Which lines below fall between the one containing "Loewe LOEWE White" and the one containing "GILL ISLES - Residential Lease"? Repeat them exactly, counting both of those lines, and add nothing else.

Records drawn from a dataset
▬▬▬▬▬▬▬▬▬▬

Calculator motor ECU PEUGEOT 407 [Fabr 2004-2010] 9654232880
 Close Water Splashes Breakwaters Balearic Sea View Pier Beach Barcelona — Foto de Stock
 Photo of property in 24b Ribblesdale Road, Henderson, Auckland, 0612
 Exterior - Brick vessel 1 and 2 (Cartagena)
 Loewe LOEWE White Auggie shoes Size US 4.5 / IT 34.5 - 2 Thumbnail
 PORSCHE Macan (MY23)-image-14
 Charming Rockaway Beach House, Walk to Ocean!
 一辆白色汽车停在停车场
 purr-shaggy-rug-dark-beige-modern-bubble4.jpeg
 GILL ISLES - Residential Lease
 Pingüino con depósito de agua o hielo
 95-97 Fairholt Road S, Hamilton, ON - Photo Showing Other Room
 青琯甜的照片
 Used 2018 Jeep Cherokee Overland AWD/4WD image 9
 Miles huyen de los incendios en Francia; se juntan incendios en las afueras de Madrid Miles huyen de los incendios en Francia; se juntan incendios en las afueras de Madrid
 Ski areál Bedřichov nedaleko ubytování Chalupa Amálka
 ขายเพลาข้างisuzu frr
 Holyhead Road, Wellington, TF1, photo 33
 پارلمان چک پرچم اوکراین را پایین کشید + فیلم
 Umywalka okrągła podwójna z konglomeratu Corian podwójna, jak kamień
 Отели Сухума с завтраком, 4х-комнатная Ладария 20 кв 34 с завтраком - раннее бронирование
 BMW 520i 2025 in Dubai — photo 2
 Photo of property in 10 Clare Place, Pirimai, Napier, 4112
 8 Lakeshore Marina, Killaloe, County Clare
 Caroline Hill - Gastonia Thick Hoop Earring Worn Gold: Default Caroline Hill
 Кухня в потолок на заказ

▬▬▬▬▬▬▬▬▬▬

## Answer to this exercise
 Loewe LOEWE White Auggie shoes Size US 4.5 / IT 34.5 - 2 Thumbnail
 PORSCHE Macan (MY23)-image-14
 Charming Rockaway Beach House, Walk to Ocean!
 一辆白色汽车停在停车场
 purr-shaggy-rug-dark-beige-modern-bubble4.jpeg
 GILL ISLES - Residential Lease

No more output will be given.